■ TASK TO COMPLETE
Each line containing the string "textured" should be copied out of the entries.

■ MATERIAL SHOWN
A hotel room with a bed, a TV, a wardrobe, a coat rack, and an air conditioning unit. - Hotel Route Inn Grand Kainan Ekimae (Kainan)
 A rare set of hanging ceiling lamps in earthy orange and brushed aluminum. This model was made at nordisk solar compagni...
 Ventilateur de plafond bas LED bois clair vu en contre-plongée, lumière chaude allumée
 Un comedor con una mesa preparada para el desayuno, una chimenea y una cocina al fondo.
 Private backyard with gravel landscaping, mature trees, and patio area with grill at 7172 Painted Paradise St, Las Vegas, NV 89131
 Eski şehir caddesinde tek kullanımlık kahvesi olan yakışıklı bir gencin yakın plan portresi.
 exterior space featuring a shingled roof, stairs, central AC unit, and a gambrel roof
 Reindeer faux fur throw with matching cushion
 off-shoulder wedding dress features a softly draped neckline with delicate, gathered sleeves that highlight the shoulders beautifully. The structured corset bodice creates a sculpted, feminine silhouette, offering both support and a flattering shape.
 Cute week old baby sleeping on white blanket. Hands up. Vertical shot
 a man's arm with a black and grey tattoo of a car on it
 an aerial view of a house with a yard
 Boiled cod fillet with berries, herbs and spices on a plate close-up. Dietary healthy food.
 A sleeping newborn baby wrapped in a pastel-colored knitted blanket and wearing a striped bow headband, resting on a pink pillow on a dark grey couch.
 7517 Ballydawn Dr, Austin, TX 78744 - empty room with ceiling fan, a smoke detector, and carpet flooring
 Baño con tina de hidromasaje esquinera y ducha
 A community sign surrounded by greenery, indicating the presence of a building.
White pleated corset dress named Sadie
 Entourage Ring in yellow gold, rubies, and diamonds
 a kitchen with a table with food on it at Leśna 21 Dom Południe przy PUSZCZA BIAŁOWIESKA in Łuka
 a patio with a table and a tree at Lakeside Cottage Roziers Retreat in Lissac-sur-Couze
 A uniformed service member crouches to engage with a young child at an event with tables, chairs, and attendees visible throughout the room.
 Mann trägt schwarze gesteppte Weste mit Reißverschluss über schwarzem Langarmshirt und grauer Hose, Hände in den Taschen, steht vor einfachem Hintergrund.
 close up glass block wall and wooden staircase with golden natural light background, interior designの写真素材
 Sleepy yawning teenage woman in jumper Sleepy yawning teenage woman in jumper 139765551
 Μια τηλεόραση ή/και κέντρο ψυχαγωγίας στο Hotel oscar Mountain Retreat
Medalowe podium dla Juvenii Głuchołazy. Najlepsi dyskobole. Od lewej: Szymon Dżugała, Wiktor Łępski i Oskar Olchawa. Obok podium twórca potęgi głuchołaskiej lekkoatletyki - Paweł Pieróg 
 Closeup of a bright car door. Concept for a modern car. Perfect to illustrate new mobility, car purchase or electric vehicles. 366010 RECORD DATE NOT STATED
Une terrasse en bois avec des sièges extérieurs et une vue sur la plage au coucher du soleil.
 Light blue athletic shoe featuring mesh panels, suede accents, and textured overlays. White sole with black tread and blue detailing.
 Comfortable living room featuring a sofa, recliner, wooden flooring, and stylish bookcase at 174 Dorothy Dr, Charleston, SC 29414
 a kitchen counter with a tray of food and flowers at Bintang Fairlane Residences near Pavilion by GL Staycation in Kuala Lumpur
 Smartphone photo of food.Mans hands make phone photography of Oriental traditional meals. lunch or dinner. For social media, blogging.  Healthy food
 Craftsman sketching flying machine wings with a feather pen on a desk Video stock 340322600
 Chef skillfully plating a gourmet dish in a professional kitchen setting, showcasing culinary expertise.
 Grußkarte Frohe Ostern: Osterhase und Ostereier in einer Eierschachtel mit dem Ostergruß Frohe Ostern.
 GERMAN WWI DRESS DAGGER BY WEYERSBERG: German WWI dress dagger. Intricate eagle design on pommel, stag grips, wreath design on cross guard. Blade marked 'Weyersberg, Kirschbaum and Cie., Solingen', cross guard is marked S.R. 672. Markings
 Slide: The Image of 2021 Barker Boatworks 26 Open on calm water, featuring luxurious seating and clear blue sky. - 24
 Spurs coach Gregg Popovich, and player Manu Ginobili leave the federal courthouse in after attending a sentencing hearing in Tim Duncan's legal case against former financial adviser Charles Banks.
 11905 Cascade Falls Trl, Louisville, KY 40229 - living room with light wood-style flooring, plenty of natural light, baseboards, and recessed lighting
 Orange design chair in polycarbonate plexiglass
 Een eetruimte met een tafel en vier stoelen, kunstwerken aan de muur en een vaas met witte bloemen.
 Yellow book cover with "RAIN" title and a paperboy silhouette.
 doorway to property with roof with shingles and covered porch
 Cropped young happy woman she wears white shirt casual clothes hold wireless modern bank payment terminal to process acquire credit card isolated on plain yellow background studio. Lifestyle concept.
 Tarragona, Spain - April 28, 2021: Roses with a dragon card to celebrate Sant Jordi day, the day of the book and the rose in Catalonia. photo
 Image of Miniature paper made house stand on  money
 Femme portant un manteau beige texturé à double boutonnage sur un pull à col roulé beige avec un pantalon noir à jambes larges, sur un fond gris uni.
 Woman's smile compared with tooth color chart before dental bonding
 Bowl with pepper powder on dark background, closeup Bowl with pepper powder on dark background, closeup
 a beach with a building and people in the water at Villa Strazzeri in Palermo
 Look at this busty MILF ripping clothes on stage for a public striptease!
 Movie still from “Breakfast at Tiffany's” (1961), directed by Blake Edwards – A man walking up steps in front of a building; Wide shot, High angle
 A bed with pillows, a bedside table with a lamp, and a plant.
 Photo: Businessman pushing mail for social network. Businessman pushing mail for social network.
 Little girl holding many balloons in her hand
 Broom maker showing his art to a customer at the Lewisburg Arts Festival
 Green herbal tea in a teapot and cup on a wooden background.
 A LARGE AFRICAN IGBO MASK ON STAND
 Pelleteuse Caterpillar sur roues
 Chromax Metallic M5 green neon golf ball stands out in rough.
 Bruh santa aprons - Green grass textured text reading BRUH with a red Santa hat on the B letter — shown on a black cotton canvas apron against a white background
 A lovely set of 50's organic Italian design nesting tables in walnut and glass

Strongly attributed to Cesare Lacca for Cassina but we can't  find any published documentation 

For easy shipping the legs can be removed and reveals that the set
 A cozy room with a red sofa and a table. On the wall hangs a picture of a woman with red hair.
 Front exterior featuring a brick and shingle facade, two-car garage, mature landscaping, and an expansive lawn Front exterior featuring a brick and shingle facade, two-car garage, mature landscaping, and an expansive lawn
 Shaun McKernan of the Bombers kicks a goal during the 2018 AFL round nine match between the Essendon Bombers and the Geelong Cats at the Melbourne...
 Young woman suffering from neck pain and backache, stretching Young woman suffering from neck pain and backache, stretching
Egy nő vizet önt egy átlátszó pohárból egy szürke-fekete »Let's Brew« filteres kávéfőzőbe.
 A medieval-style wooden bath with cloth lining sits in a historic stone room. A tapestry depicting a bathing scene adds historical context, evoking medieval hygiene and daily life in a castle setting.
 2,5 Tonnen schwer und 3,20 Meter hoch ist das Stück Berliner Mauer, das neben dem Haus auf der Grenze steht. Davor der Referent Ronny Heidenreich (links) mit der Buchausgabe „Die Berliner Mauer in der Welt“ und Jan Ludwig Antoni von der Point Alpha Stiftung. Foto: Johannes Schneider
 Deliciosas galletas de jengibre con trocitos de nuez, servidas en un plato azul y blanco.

■ WRITTEN SOLUTION
 Light blue athletic shoe featuring mesh panels, suede accents, and textured overlays. White sole with black tread and blue detailing.
 Bruh santa aprons - Green grass textured text reading BRUH with a red Santa hat on the B letter — shown on a black cotton canvas apron against a white background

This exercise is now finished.